Guido's new method definition idea
Aaron Brady
castironpi at gmail.com
Mon Dec 8 16:22:14 EST 2008
On Dec 8, 2:55 pm, Arnaud Delobelle <arno... at googlemail.com> wrote:
> anthony.to... at gmail.com writes:
> > class C:
> > def createfunc(self):
> > def self.func(arg):
> > return arg + 1
>
> > Or, after the class definition is done, to extend it dynamically:
>
> > def C.method(self, arg):
> > self.value = arg
>
> > ...which would be the equivalent of the following:
>
> > def method(self, arg):
> > self.value = arg
> > C.method = method
>
> What about the following then?
>
> functions = {}
>
> def functions['square'](x):
> return x*x
>
> def functions['cube'](x):
> return x**3
>
> --
> Arnaud
I agree that it's an extension (extrapolation) of the 'def self.meth'
notation. For 'func_name', would you use the quoted string? Would
you allow arbitrary expressions for the string, and the dictionary to
add to? For example:
def dict_val( )[ "name%i"% int_val( ) ]( self, arg, arg, arg ): ...

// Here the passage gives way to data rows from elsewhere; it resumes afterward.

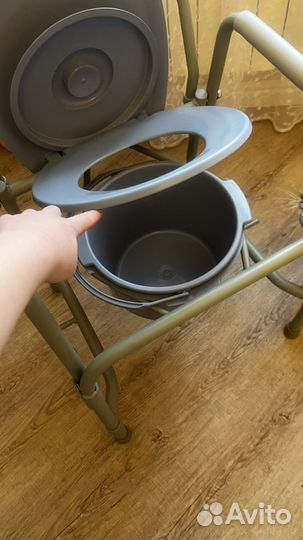Кресло-туалет для маломобильных людей
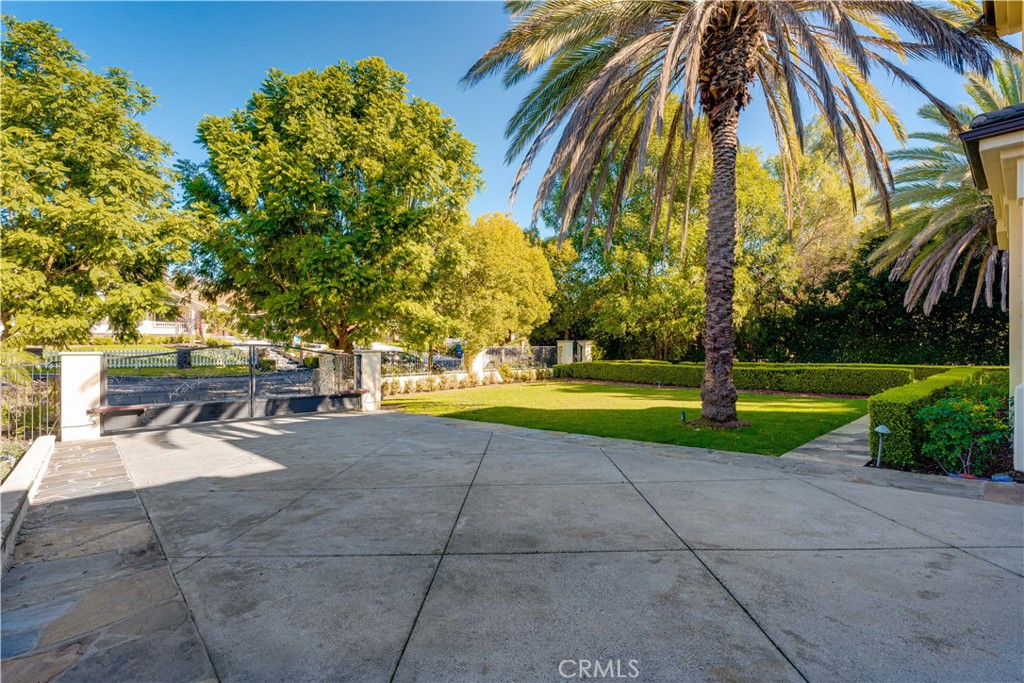 19426 Via Del Caballo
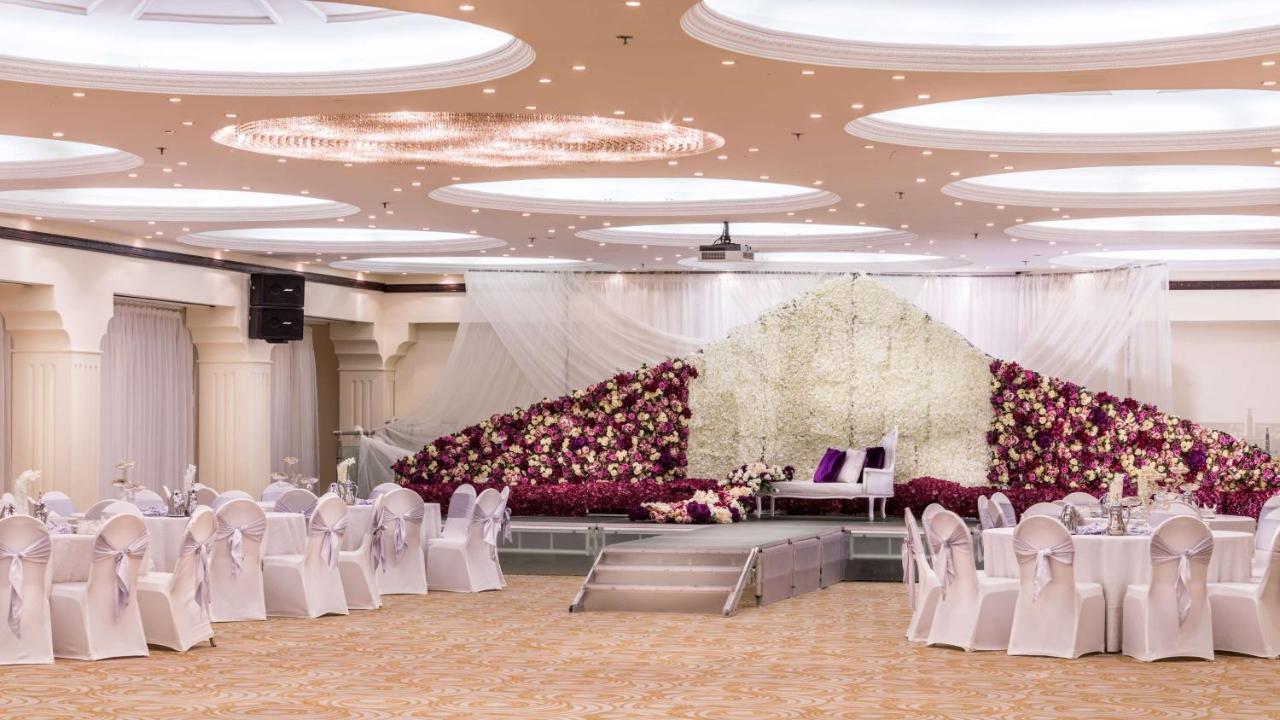 Radisson Blu Hotel, Jeddah Exterior photo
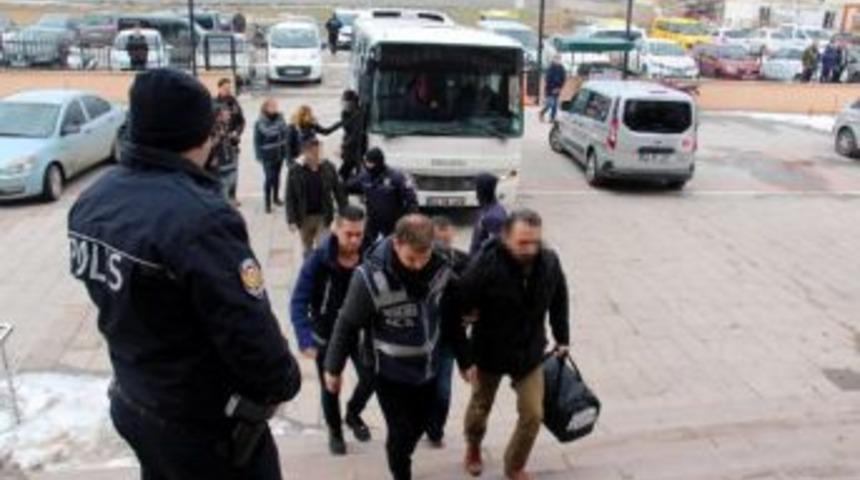 Edirne&rsquo;De 7 Polis Fet&ouml;&rsquo;Den Tutuklandı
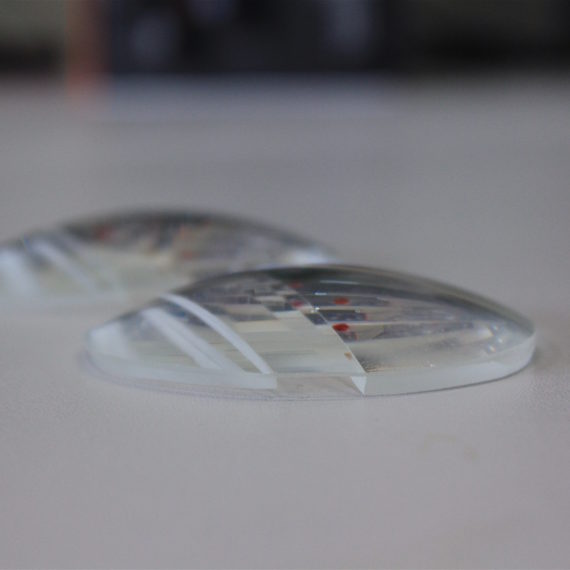 Montage verre trifocal par collage face arrière en minéral base 6 avec partie intermédiaire très fine.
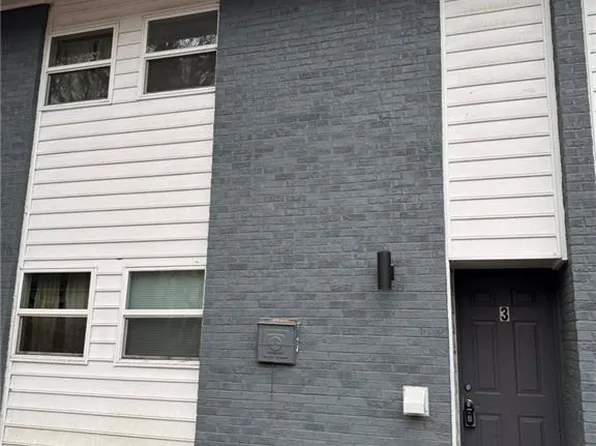 319 Main St #3, West Pt, VA 23181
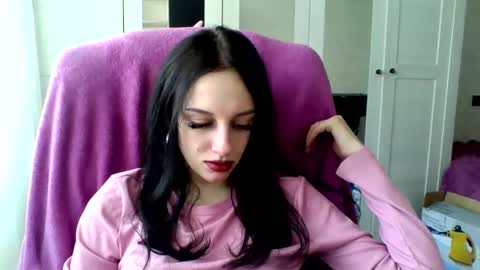 Ivy online show from 02.12.25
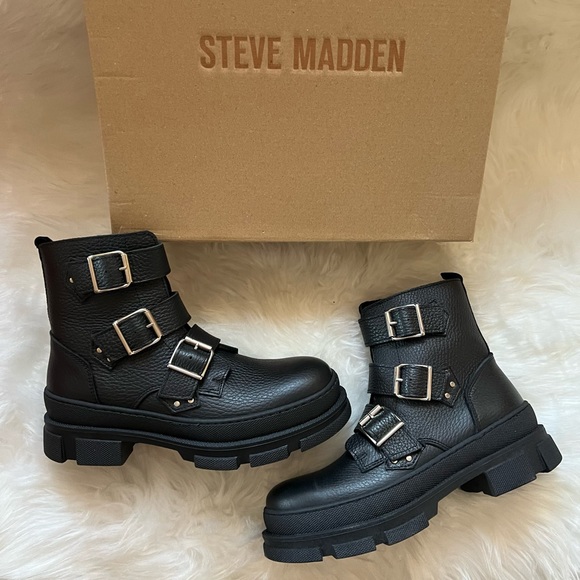 Steve Madden Shoes - New! Rare! STEVE MADDEN Gladys Combat Moto Boots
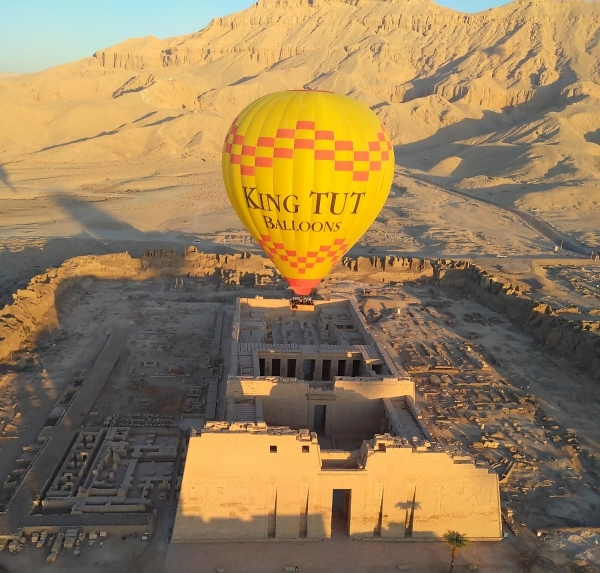 Egipto desde el Aire, Globo en Luxor y visita a Abu Simbel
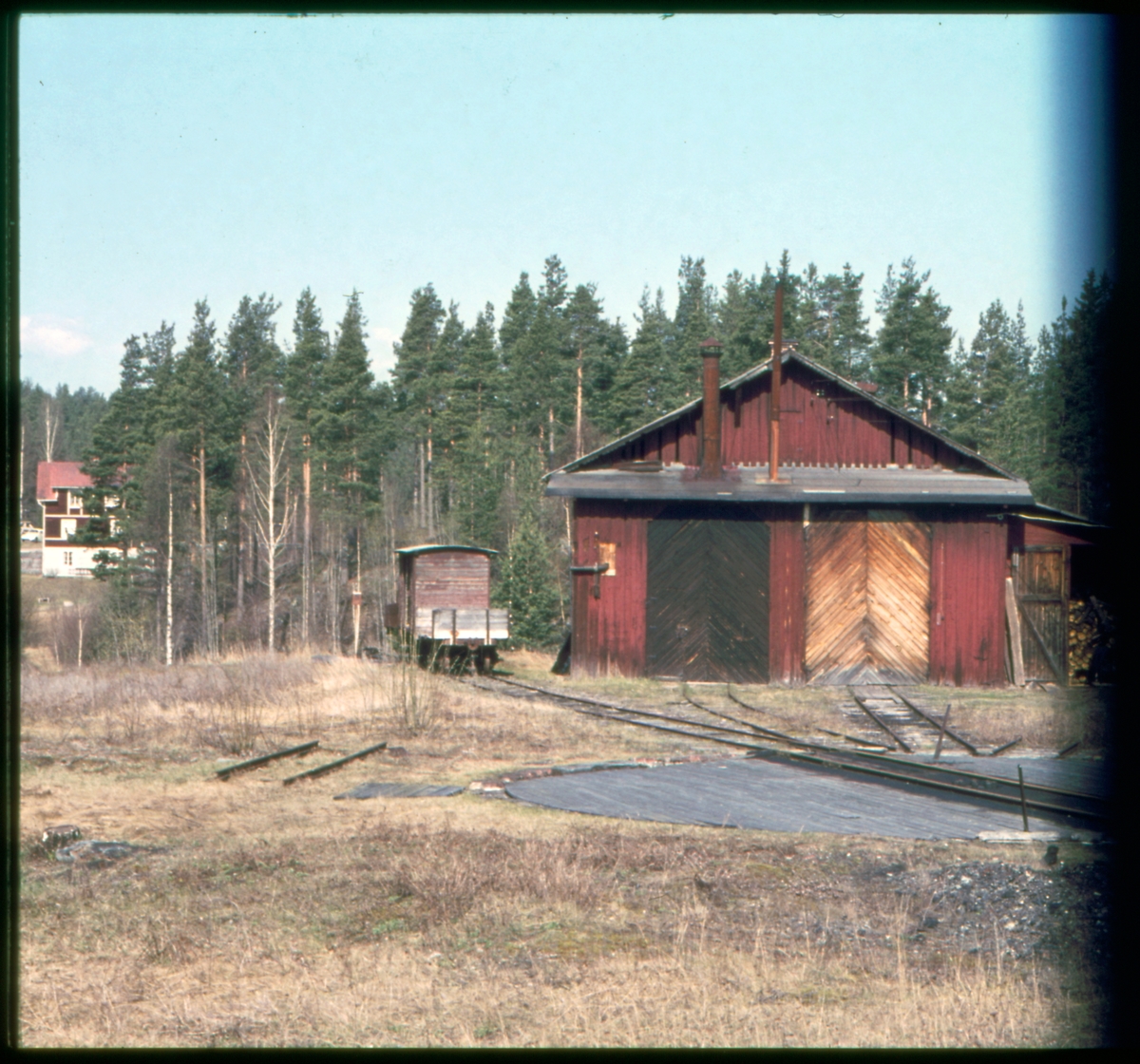 Dala - Ockelbo - Norrsundets Järnväg, DONJ, lokstall.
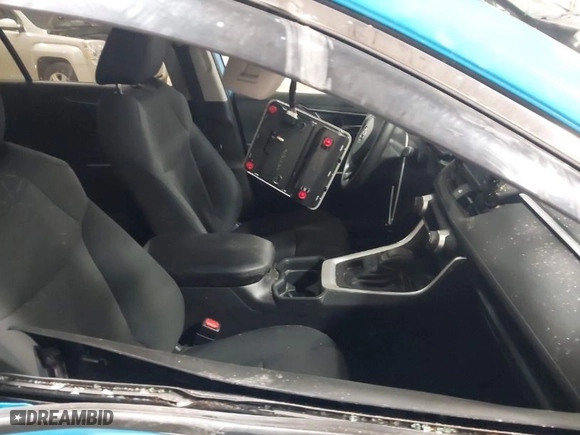 2019 Toyota RAV4 XLE with VIN 2T3P1RFV6KC053546, listed as a IAAI auction lot 41837046 with 86,666 mi miles. Bid and sale history available at carsss.com. Image 5.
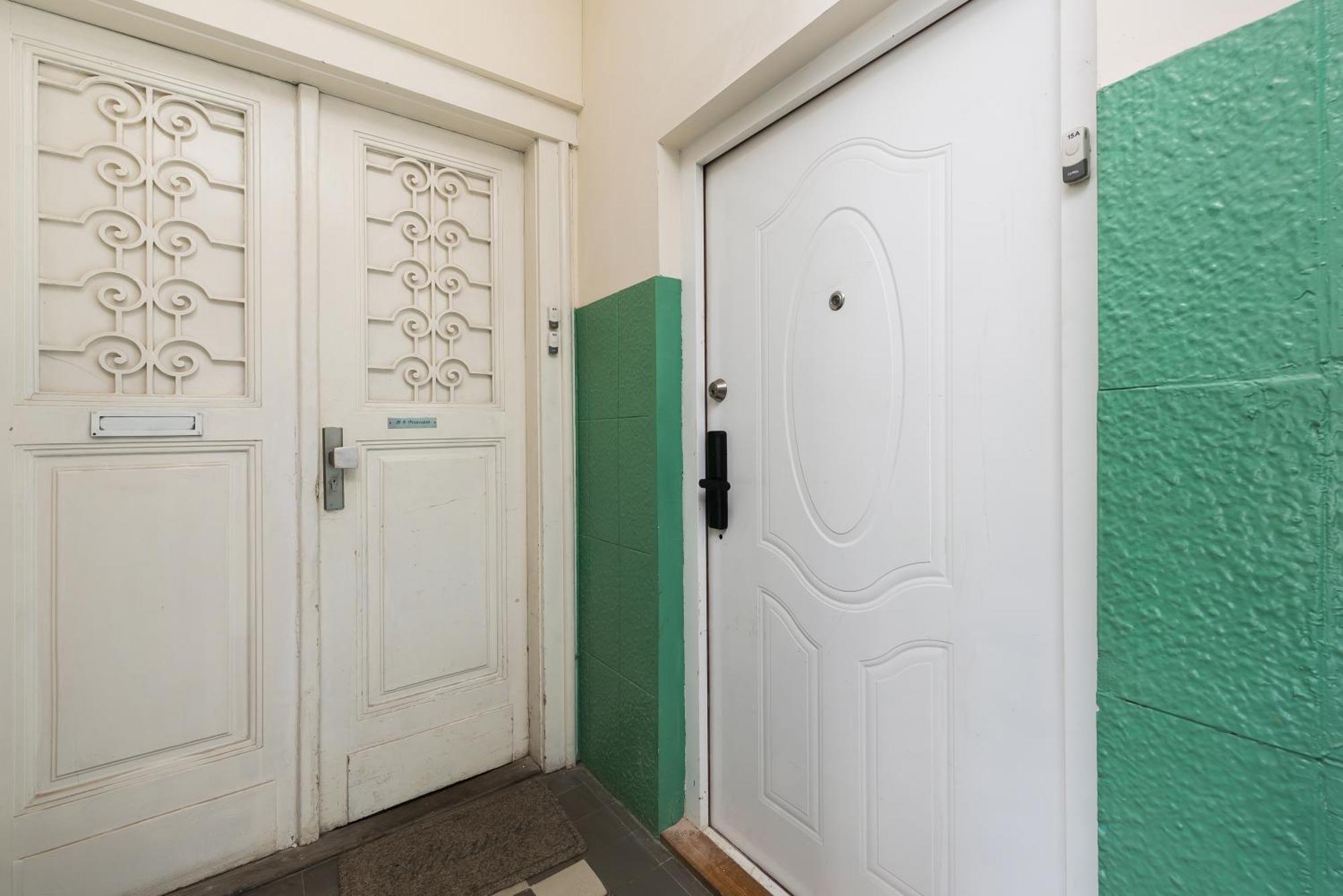Azure Haven Old Town Apartment *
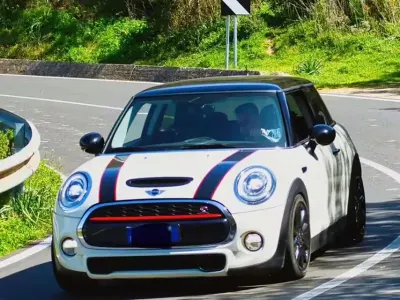 Usata Mini Cooper S 192 CV (141 kW) 2014 Utilitaria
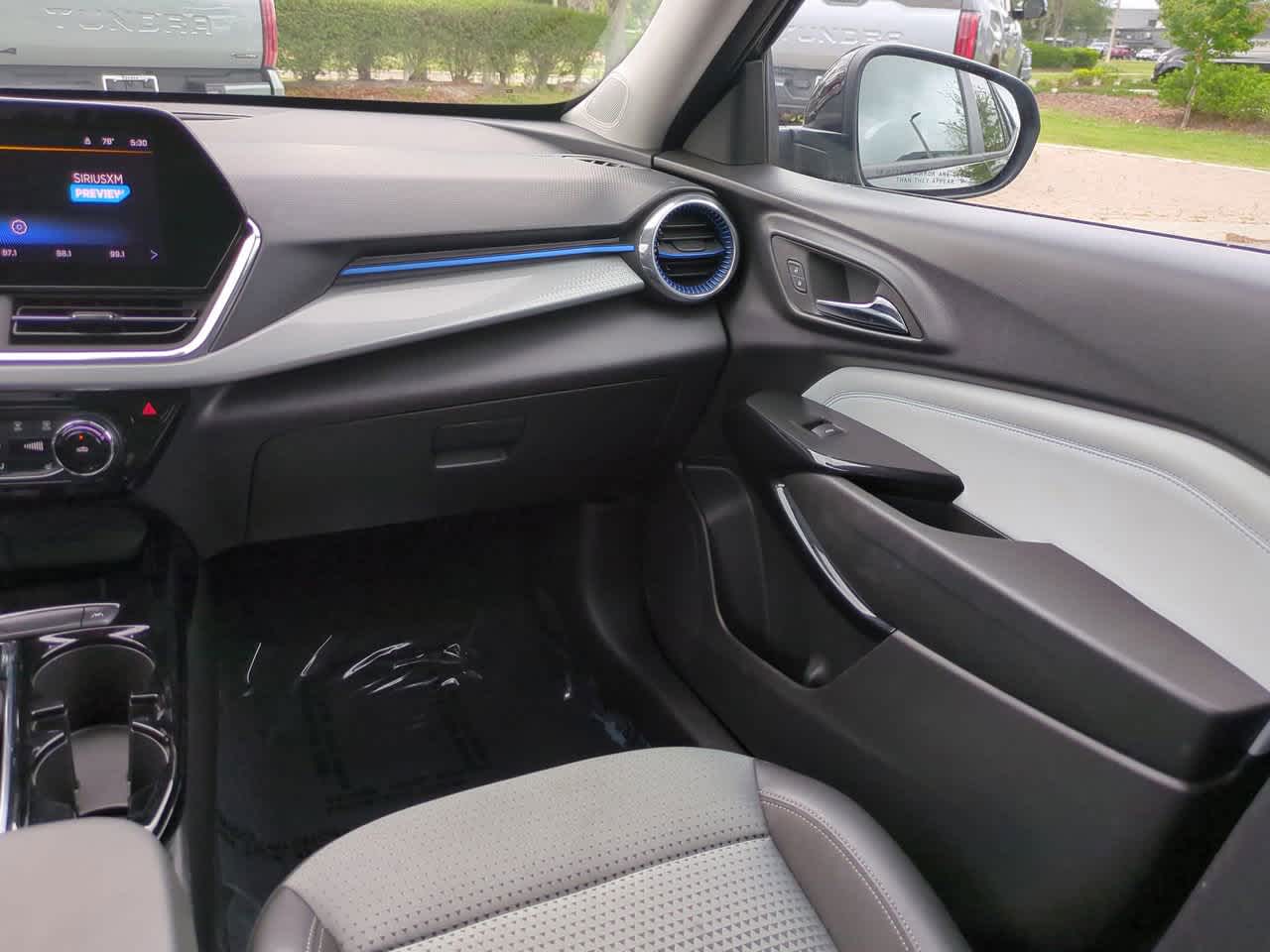 Thumbnail: 2025 Chevrolet Trax - 16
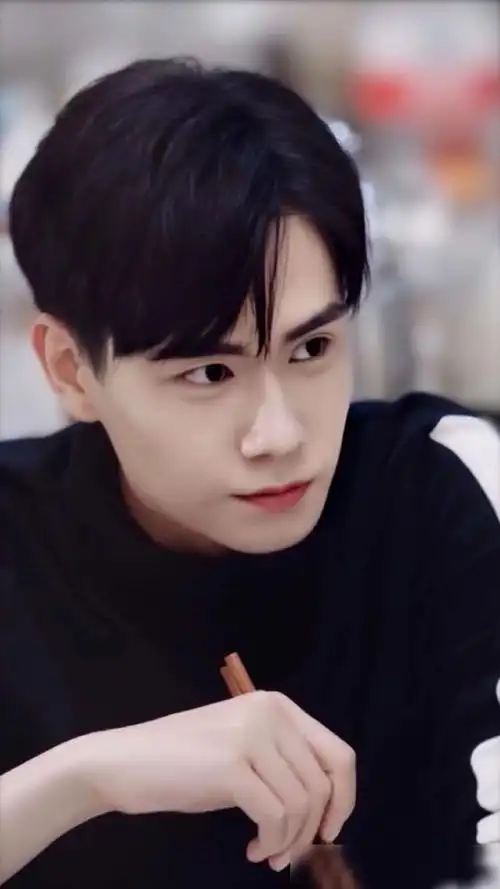 亲爱的热爱的花絮胡一天模仿杨紫撒娇卖萌秒变表情包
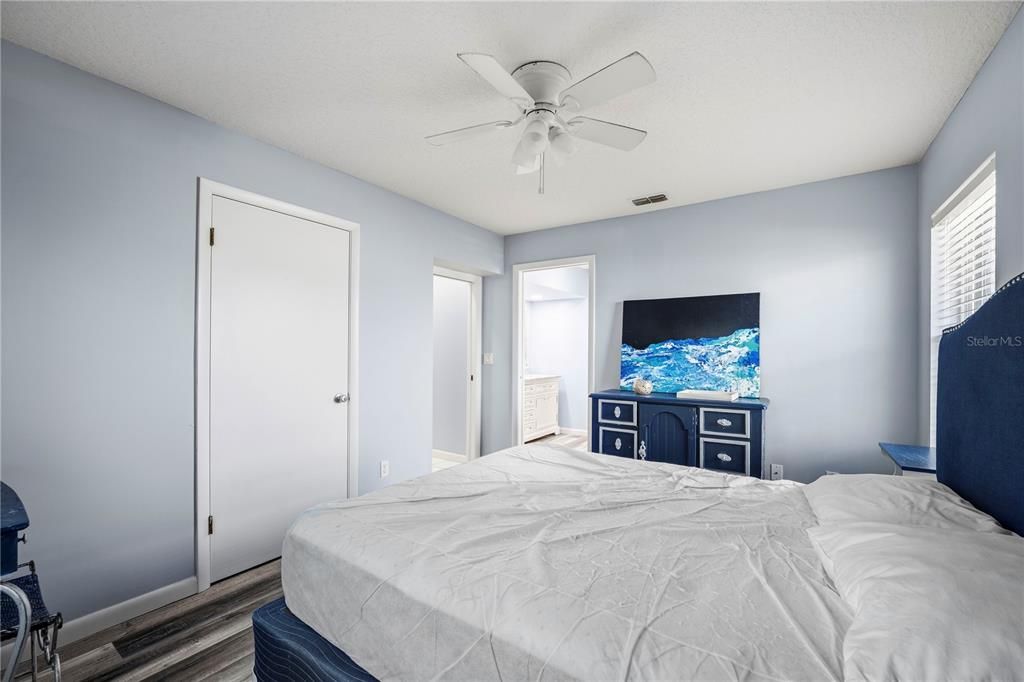 For Sale: $1,000,000 (3 beds, 2 baths, 2281 Square Feet)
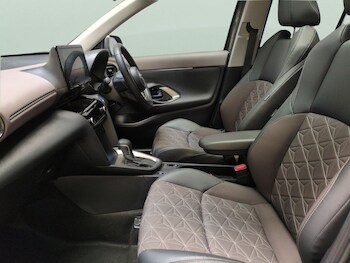 Used Toyota Yaris Cross  for sale - 75733871: Photo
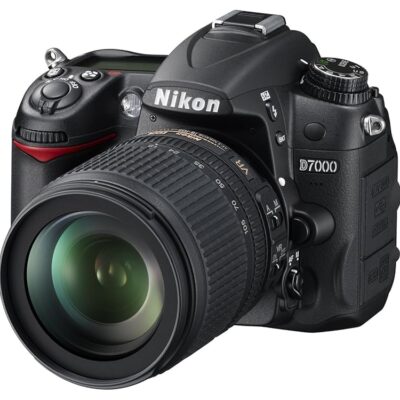 Nikon D7000 Digital SLR Camera with 18-105mm VR Lens Kit (16.2MP) 3 inch LCD (Renewed)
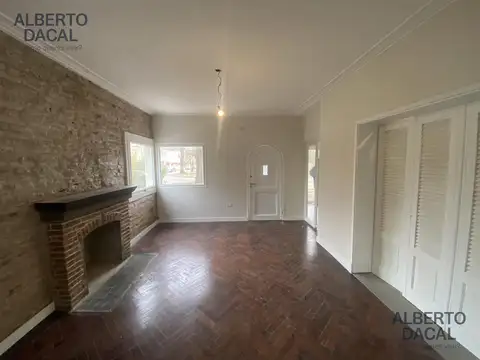 Casa en Alquiler con 1 cochera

It's not much worse than: (Unproduced)
def anon( self, arg, arg, arg ): ...
dict_val( )[ "name%i"% int_val( ) ]= anon
#or if you really want the target before the def:
@assign( dict_val( ), "name%i"% int_val( ) )
def _( self, arg, arg, arg ): ...
And the latter are already both legal. But there have been PEPs
accepted before that abbreviate 2 lines into 1.